La Maquina de Cantar is a short LP by Argentinian electro-acoustic composer
Horacio Vaggione. It first appeared in 1978 on the label Cramps. Ampersand reissued it on CD in 2002. The 17-minute "La Maquina de Cantar" (The Singing Machine) relies solely on an IBM computer. Produced in the early '70s, it features a lush synthesized tone and works by accretion. The music is looped and the composer slowly transforms the mass by adding and subtracting layers -- another variation on the process of composition through accumulation also explored by
Robert Fripp (his
Frippertronics albums of the late '70s and early '80s) and
Pierre-André Arcand (his "macchina ricordi"). "Ending," also 17 minutes in duration, is a duet between
Vaggione and Elizabeth Wiener, both playing Moog-type synthesizers.

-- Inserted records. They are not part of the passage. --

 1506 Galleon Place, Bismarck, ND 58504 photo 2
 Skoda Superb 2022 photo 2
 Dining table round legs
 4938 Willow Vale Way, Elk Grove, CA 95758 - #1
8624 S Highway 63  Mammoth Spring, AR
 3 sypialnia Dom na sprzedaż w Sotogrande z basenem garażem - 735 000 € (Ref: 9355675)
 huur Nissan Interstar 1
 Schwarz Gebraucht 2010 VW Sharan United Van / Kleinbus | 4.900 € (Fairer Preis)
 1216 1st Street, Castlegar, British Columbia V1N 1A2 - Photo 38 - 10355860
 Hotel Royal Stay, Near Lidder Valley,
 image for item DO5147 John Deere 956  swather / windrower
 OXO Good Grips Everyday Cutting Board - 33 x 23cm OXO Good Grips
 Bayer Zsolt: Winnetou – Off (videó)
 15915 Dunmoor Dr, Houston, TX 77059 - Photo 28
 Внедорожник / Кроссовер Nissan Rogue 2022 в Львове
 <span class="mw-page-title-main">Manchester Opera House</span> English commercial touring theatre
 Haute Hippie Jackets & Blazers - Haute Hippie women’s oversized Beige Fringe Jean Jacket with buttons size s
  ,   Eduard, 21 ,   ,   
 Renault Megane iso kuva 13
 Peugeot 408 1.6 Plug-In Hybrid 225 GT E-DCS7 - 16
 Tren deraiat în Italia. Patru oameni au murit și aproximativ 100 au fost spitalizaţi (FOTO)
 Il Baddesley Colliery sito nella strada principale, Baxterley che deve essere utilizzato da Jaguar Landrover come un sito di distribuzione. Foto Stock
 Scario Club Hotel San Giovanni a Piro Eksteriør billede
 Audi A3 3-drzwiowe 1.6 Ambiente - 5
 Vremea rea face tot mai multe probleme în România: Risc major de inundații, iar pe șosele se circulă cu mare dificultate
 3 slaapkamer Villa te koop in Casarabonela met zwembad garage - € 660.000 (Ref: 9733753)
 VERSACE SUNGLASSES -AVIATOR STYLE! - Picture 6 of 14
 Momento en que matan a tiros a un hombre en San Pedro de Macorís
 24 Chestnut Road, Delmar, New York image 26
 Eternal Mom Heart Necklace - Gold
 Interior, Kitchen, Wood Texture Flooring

Here again they accumulate looping sequences to create hypnotic kaleidoscopes that recall
Philip Glass' "Music in Twelve Parts," with a sound closer to
Larry Fast's early albums under the project name
Synergy. When everything stops at the 11th minute to make room for a chorale-type hymn, the proceedings get very close to
Rick Wakeman's
The Six Wives of Henry VIII -- except
Wakeman would not have repeated the theme for six minutes, multiplying the synthesizer parts until they were a hair short of breaking into oversaturation. This is space music when it still had a place in the experimental field. It is far removed from
Vaggione's later work in academic electro-acoustic music (what he is best known for). It didn't age very well, making it more of a historical document.